This past season’s version of the Checkers was made up primarily of players on NHL contracts. That group, made up of draft picks and homegrown talent alike, represented a glimpse into the future of what the Carolina Hurricanes have in the pipeline.
But having that NHL deal isn’t the only way to make an impact.
Josiah Didier was a fourth-round selection by Montreal who spent the two years of his NHL entry-level deal with the organization before hitting free agency last summer. The blue liner then inked a two-way AHL contract with the Checkers and joined them for training camp, where he was one of the last players to be sent to the Florida Everblades.
It was a tough break for someone who had spent the majority of his young career up to that point in the AHL.
“Starting in the coast, it’s part of the game,” said Didier. “You never know what’s going to happen.
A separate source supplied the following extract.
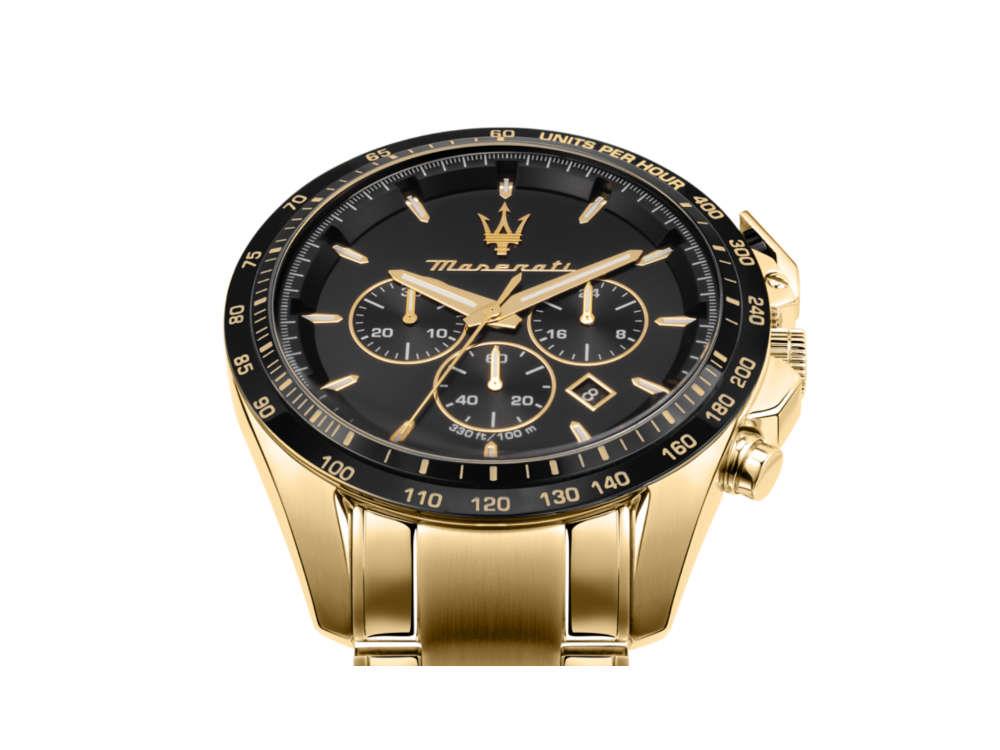 Maserati Traguardo Quartz Uhr, PVD Gold, Schwarz, 45 mm, R8873612041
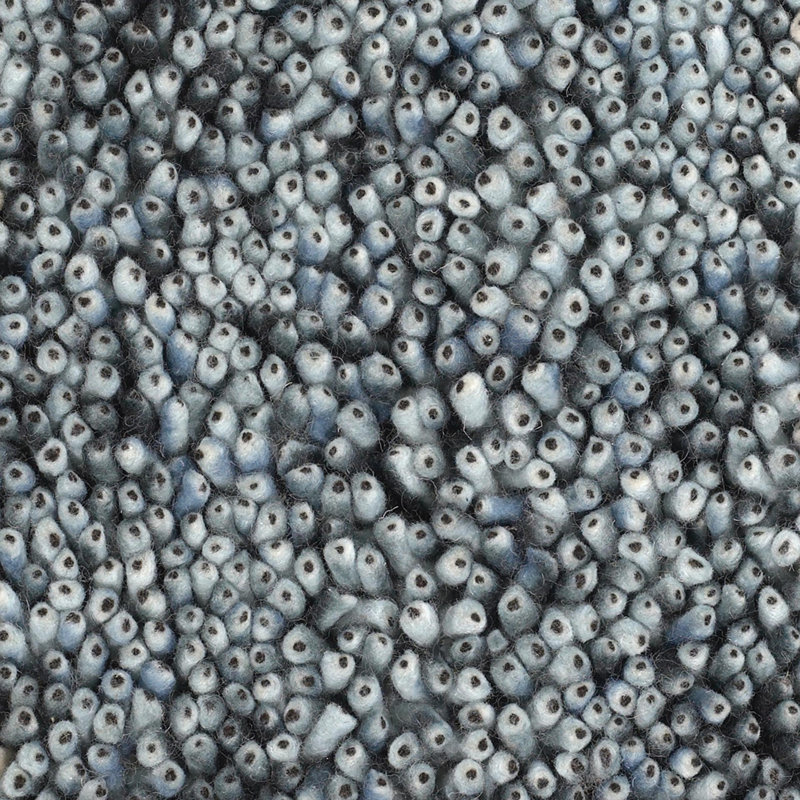 Ambiance Wool Abstract Area Rug in Blue, Round 7'9"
It was a little frustrating at first but I just took it as a chance to prove myself and better my game. Work hard down there and show them that I can make it to this level.”
Didier kicked off his season with five points in his first eight games with Florida before getting his first call to Charlotte, where he would play four games and then return to the ECHL. Didier would skate in the next four contests for the Everblades before an injury and a heavy slate of games forced the Checkers into recalling him once again.
That would prove to be the blue liner’s last trip out of Florida for the season.
“When I got the opportunity I just tried to make the most of it and not let it slip away,” said Didier.
The 25-year-old seemed to quickly win over the coaching staff and become an everyday player, logging 54 games the rest of the way.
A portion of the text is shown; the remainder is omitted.